Material supplied →
════════
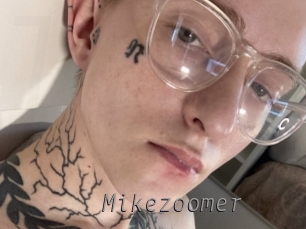 Mikezoomer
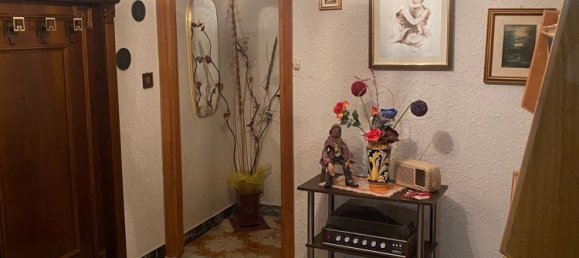 4 rooms House in Piazza Armerina, Italy No. 290104 5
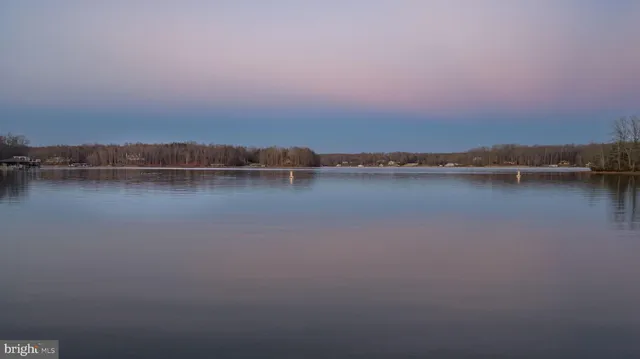 $1,989,000 | 890 Tall Pines Drive, Mineral, VA 23117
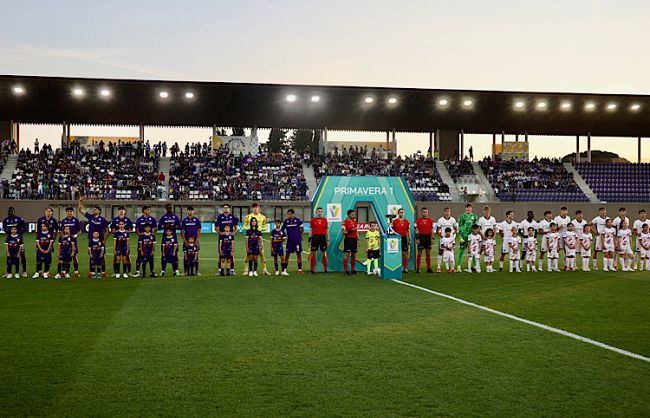 primavera-lo-scudetto-va-allinter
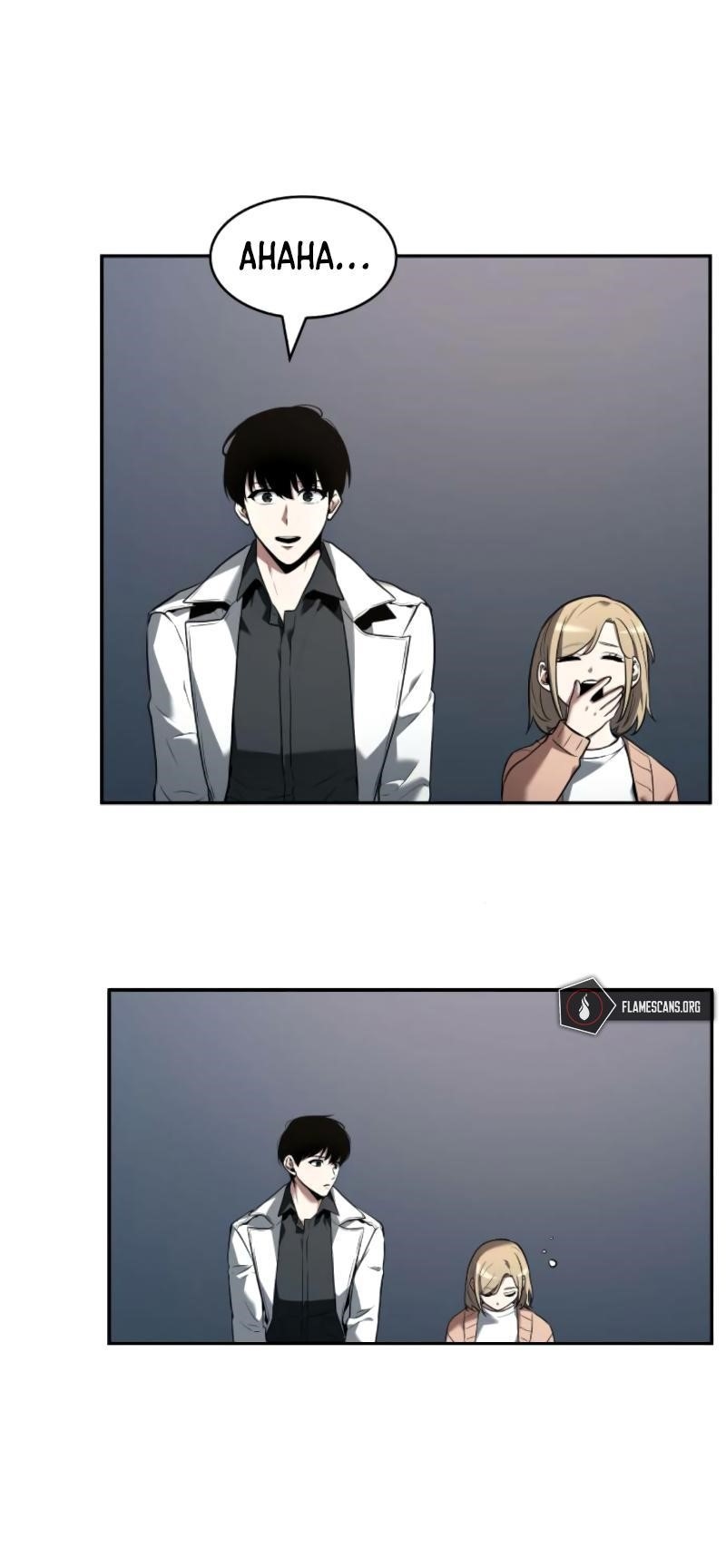 Omniscient Reader’s Viewpoint Chapter 92 - Page 48 in English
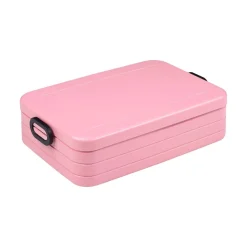 Mepal Lunchbox Take a Break Large 1500 ml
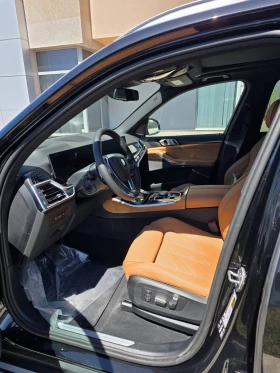 BMW X5, снимка 5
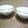 §ａｉ§'s cooksnap of when they made ヨーグルトぷりん.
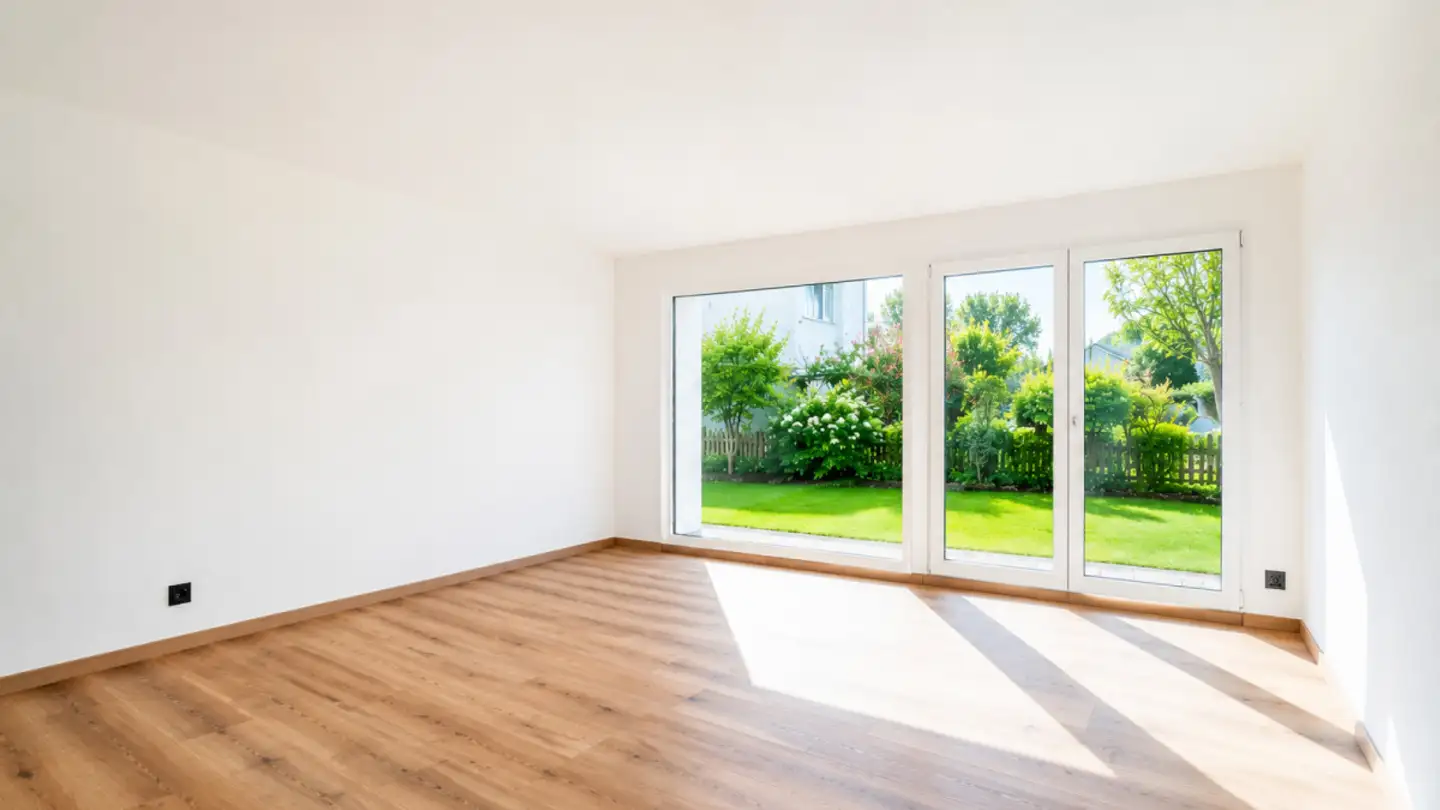 Einfamilienhaus kaufen - Bühlstrasse 14, 4614 Hägendorf - Foto 3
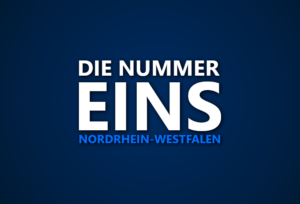 Read more about the article Die Nummer 1 in Nordrhein-Westfalen: Wer spielte wann die beste Saison?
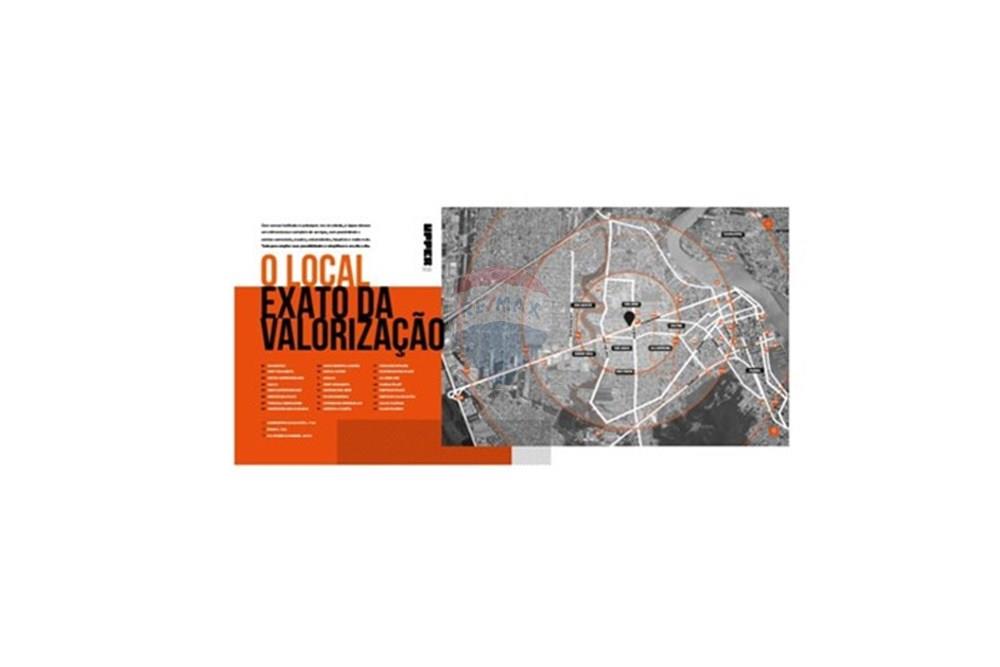 Apartamento - Venda - Itajaí , Santa Catarina - 5.jpg - 590321047-3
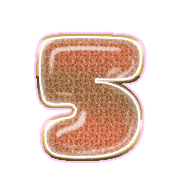 218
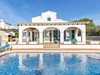 Villa Anita #5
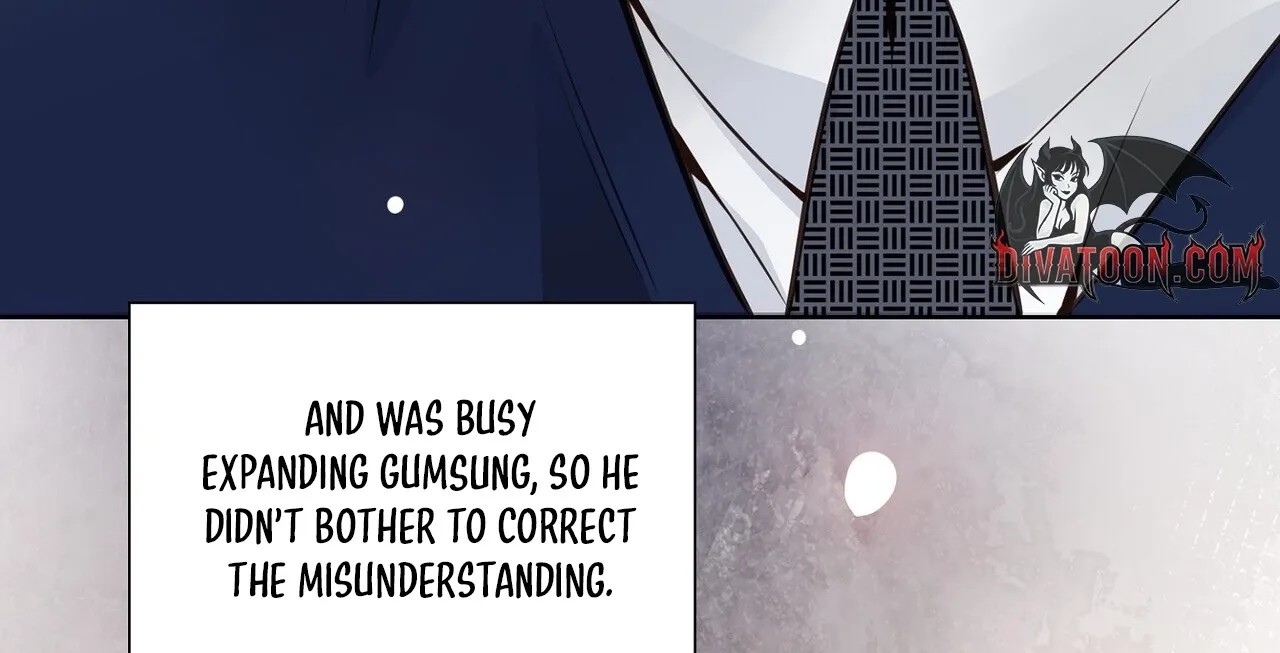 Read Return to Geumnak-ri chapter 26 image 104 on Lezhin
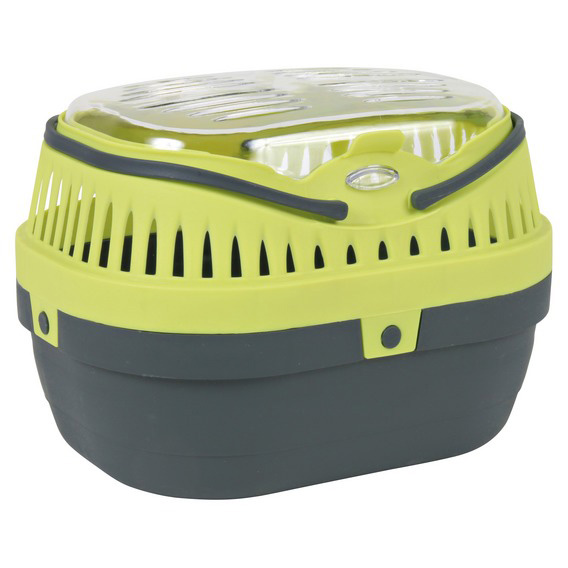 http://www.4animals.cz/inshop/Catalogue/Products/velky/box_pico_hlodavci_b.jpg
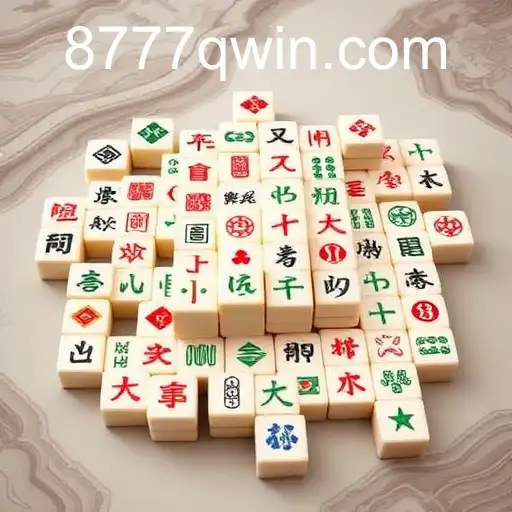 Mahjong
════════
Task directions → Transcribe all data precisely. Pictures are not copied.

The answer →
 Mikezoomer
 4 rooms House in Piazza Armerina, Italy No. 290104 5
 $1,989,000 | 890 Tall Pines Drive, Mineral, VA 23117
 primavera-lo-scudetto-va-allinter
 Omniscient Reader’s Viewpoint Chapter 92 - Page 48 in English
 Mepal Lunchbox Take a Break Large 1500 ml
 BMW X5, снимка 5
 §ａｉ§'s cooksnap of when they made ヨーグルトぷりん.
 Einfamilienhaus kaufen - Bühlstrasse 14, 4614 Hägendorf - Foto 3
 Read more about the article Die Nummer 1 in Nordrhein-Westfalen: Wer spielte wann die beste Saison?
 Apartamento - Venda - Itajaí , Santa Catarina - 5.jpg - 590321047-3
 218
 Villa Anita #5
 Read Return to Geumnak-ri chapter 26 image 104 on Lezhin
 http://www.4animals.cz/inshop/Catalogue/Products/velky/box_pico_hlodavci_b.jpg
 Mahjong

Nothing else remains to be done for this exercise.